Monday, 7 April 2014

A Poltergeist in Herefordshire

A Poltergeist in Herefordshire

A particular class of haunting is known these days as a poltergeist, German for ‘noisy ghost’. In years gone by these visitations were generally held to be due to a visiting member of the fairy race, or perhaps a junior demon - sometimes called a familiar. In 1670 such an event took place at Burton, as recorded in a contemporary letter written by a gentleman of Hereford to a friend.
“There is a farm in Burton, a village in the parish of Weobley, which Mr William Bridges, a linen draper of London, has in mortgage from one Thomas Tomkyns, a decayed yeoman. This farm was taken in lease of Mrs Elizabeth Bridges about Michaelmas 1669. Soon after this tenant was entered on the farm, some familiar began to act apish pranks by knocking boldly at the door in the dark of the evening, and the like early in the morning, but nobody to be seen. The stools and forms [wooden benches] were thrown into disorder, heaps of malt and vetches mingled, loaves of bread laid on a table carried into another room, or hid in tubs covered with cloths. Cabbage plants dug up and replanted in various patterns; a half roasted pig demolished except the bones; the milk turned sour with vinegar, some cattle died and among others a sow leaped and danced in strange postures and at last fell down dead; a mow of pulse and pease likewise.
“After these one John Jones, a valiant Welshman, undertook to keep watch with a sword, a mastiff dog and a lantern.
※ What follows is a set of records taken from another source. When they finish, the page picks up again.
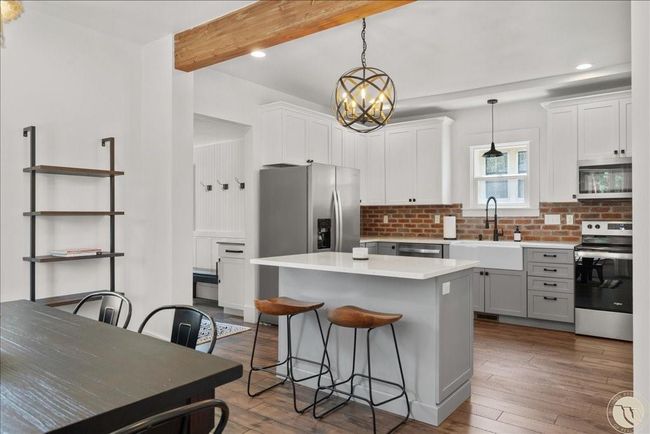 Dining - Kitchen - Main | Image 9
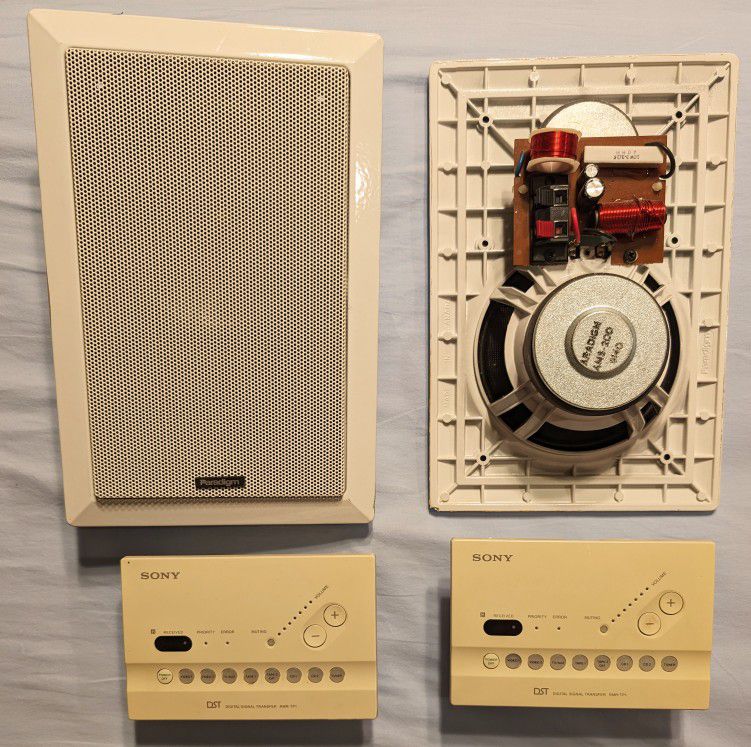 2x In Wall Speakers / SonyDST 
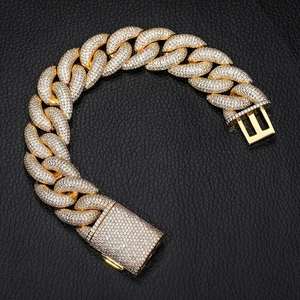 Pulsera de Eslabones Cubanos con Diamantes Auténticos en Oro, con un Aspecto Audaz y Lujoso, Disponible a Precio de Exportación - Product Image 1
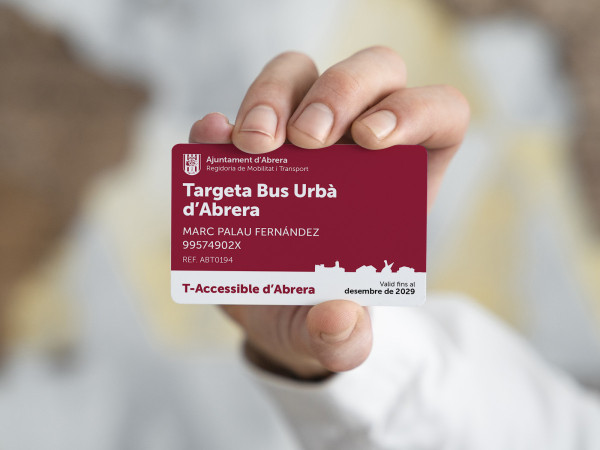 Nova targeta gratuïta T-Social del bus urbà per a persones grans i amb diversitat funcional!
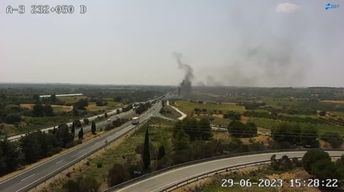 Arde un camión cisterna tras volcar en la A-3 a su paso por Graja de Iniesta (Cuenca)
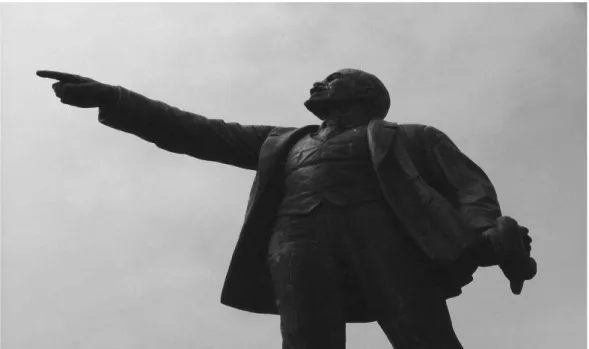 Figura 9 -  Estátua de Lenin apontando para o “futuro brilhante” do comunismo (Fonte: Cienki e Müller  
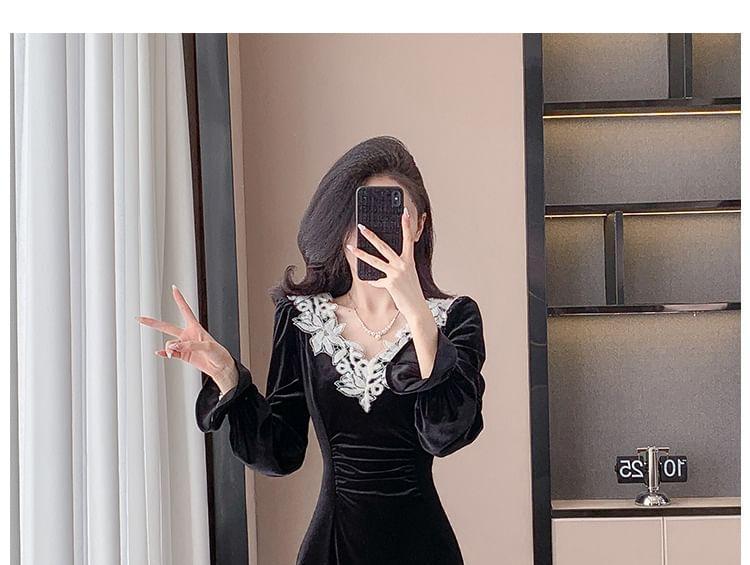 Long Sleeve V-Neck Plain Velvet Lace Trim Midi A-Line Dress Product Image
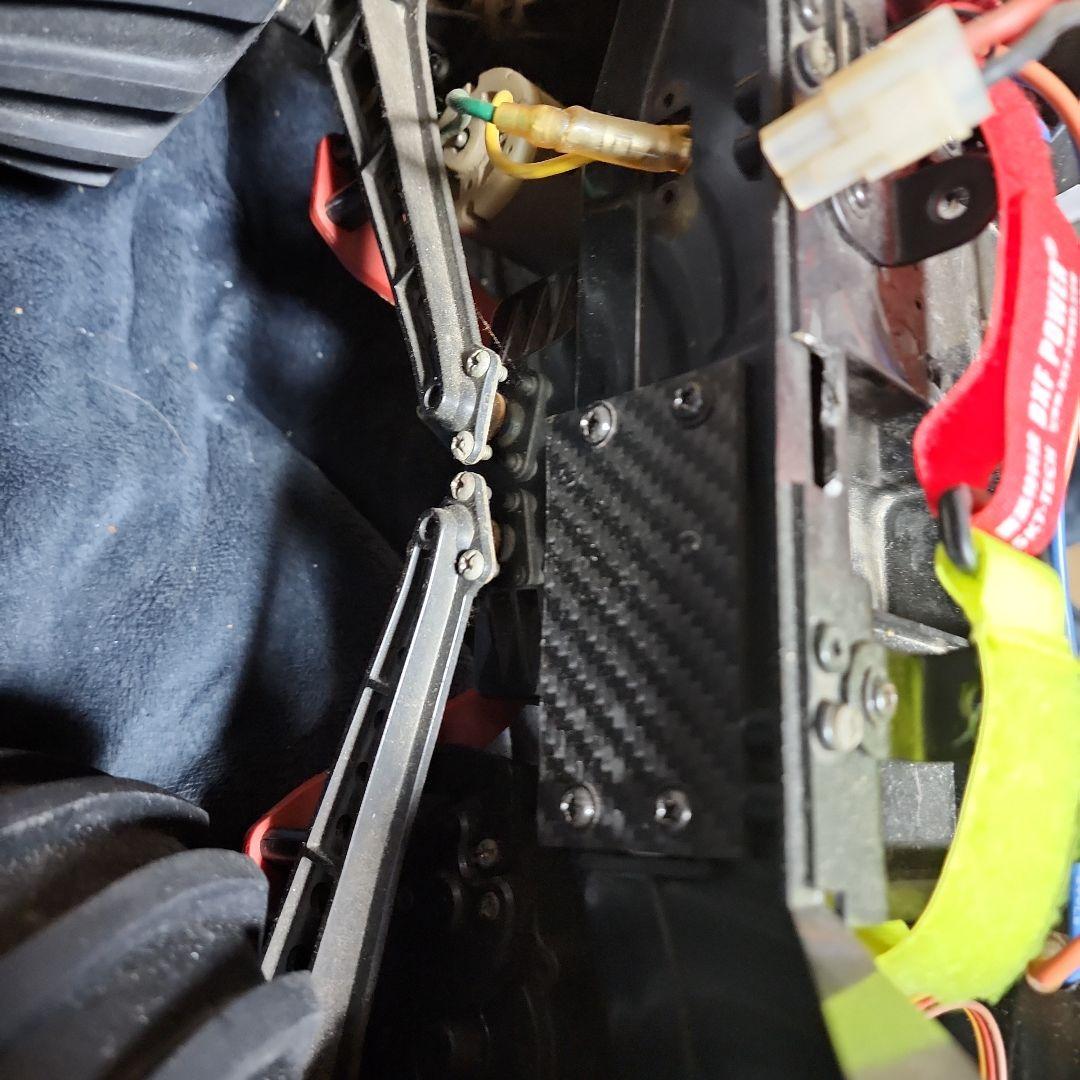 ラジコン タミヤ 多分…初期型の クラッドバスター 製作途中の物の出品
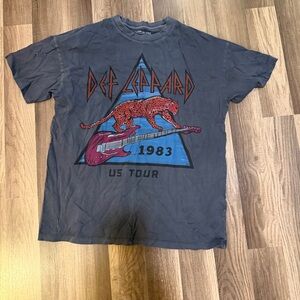 American Eagle Outfitters Gray Def Lepard retro Tee M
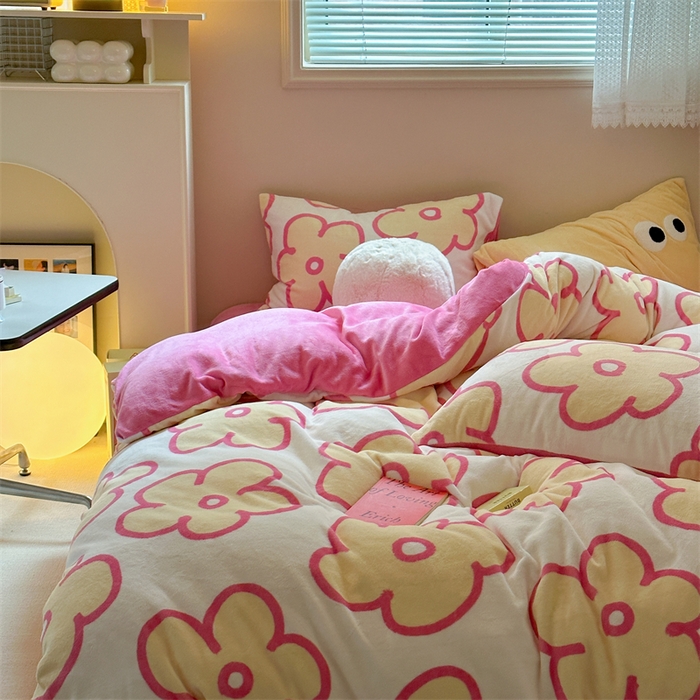 91家纺网 家纺一手货源 找家纺 时年家纺 2023新款牛奶绒印花系列套件 简约风格 露娜-粉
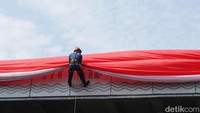 Pengibaran bendera raksasa ini dilakukan pada Sabtu (17/8/2024) di persimpangan Cikapayang, Dago. Tepat pukul 10.05 WIB, petugas Diskar PB Kota Bandung mengibarkan bendera merah putih berukuran 20x4 meter dari atas flyover.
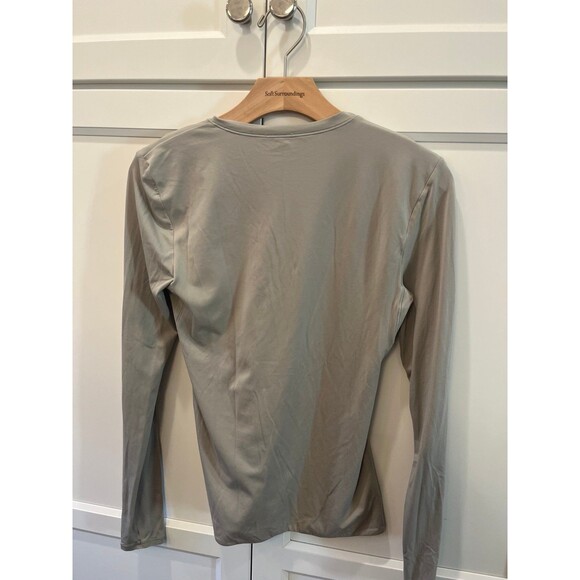Lululemon size 4  beige long sleeve athletic tshirt - Picture 3 of 3
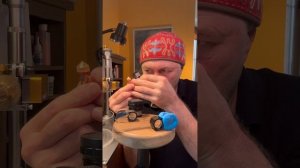 Как смотреть в лупу чтобы видеть желаемое качественно и без усталости.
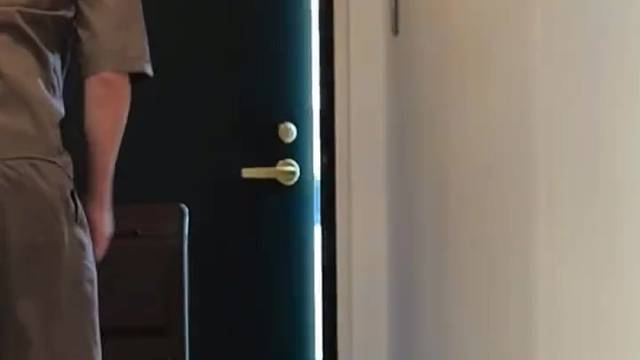 周末迎接美女同事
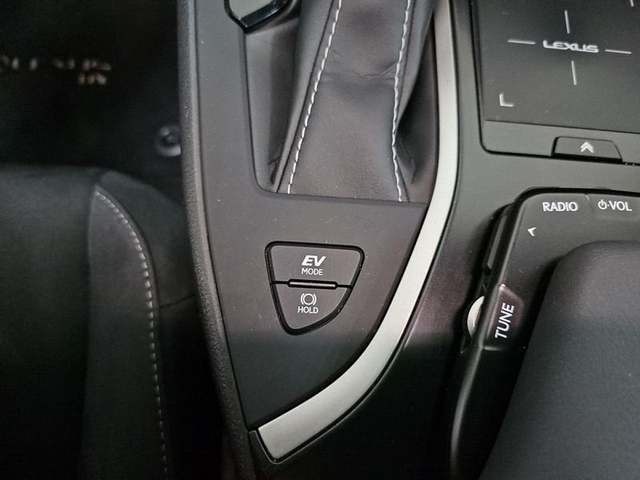 Lexus UX 250h Business Navigation 2WD 135 kW (184 CV) Vehículo usado en Madrid - 24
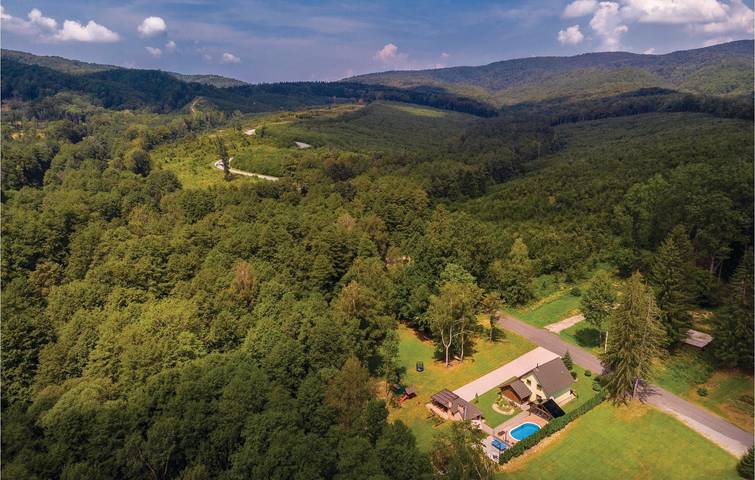 Gemütliche 2-Zimmer-Wohnung mit Pool, Terrasse und WLAN in Pozega-Slawonien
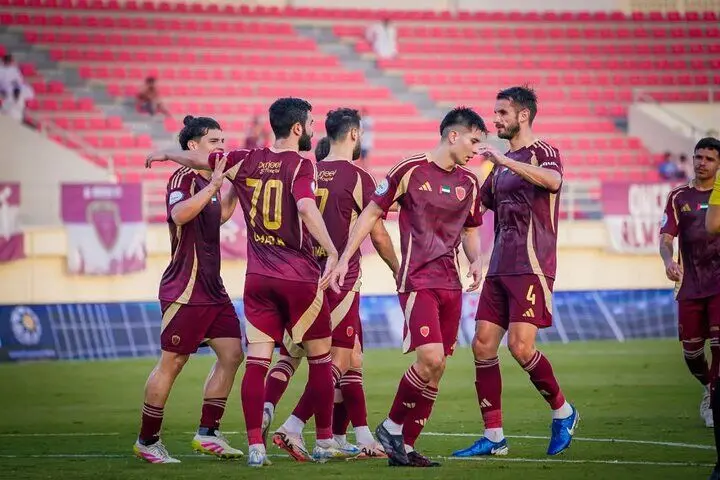تصویر؛  احمد نوراللهی در آغوش قاتل پرسپولیس!

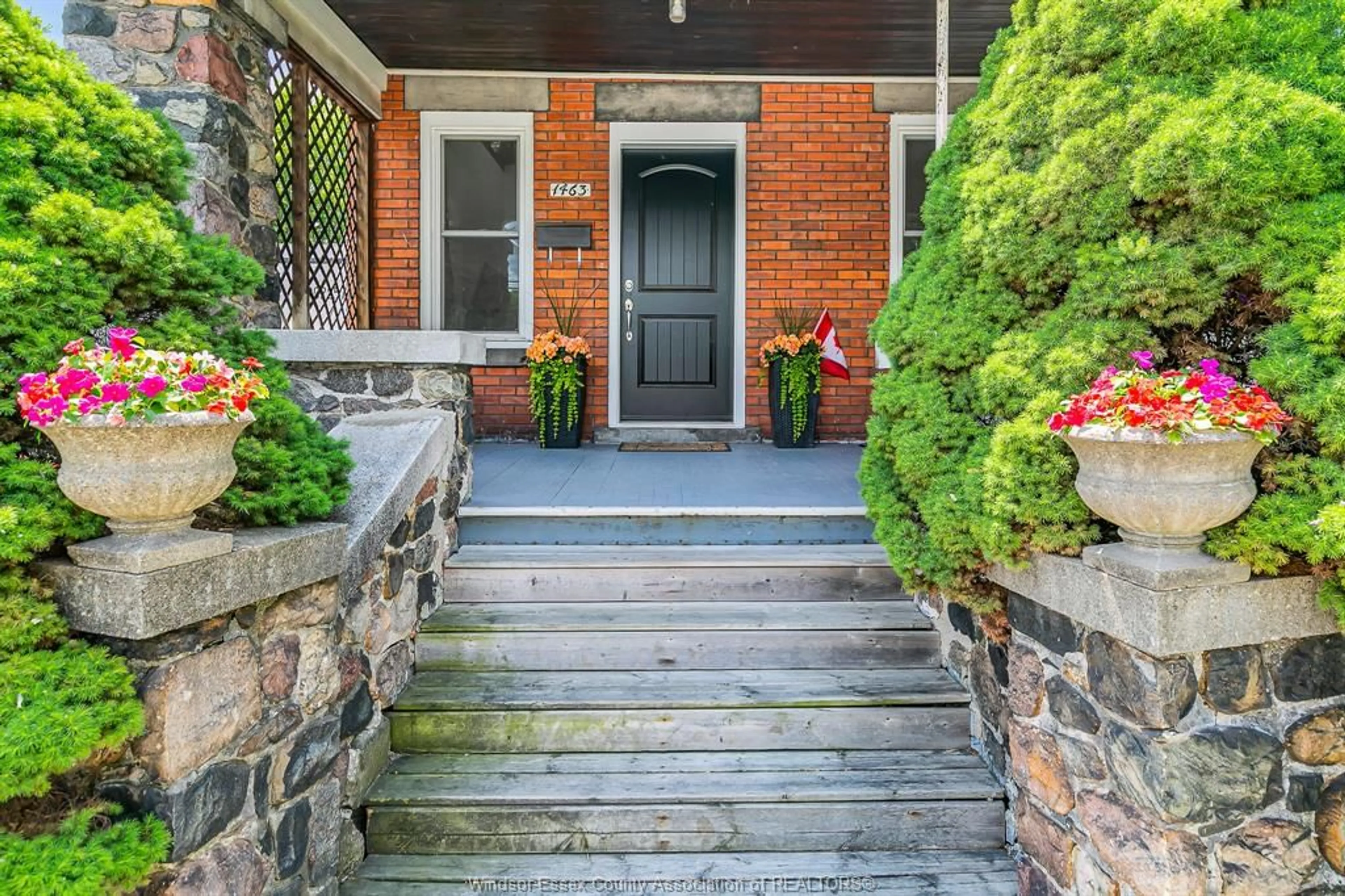 Unknown for 1463 PELISSIER St, Windsor Ontario N8X 1M7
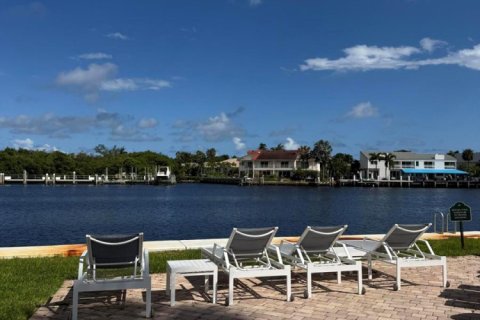 Copropriété à louer à Boca Raton, Floride: 2 chambres, 122.17 m2 № 2387074 - photo 24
He had not long lain on the bed when he heard a knocking at the door, and as he conceived many cats came into his chamber, broke the windows and made a hideous noise. The mastiff howled, the candle went out, the Welshman fell into a cold sweat, left the sword unused and with much ado found the door and ran half a mile without looking behind him, protesting next day he would not be another night in the house for a hundred pounds. These particulars I received from eye witnesses of unquestionable credit and you may no more doubt the truth of them than distrust the affection of
“Your humble servant

The haunting of the Burton farmhouse caused quite a sensation at the time. From the description it would undoubtedly be classed by modern ghosthunters as the activities of a poltergeist.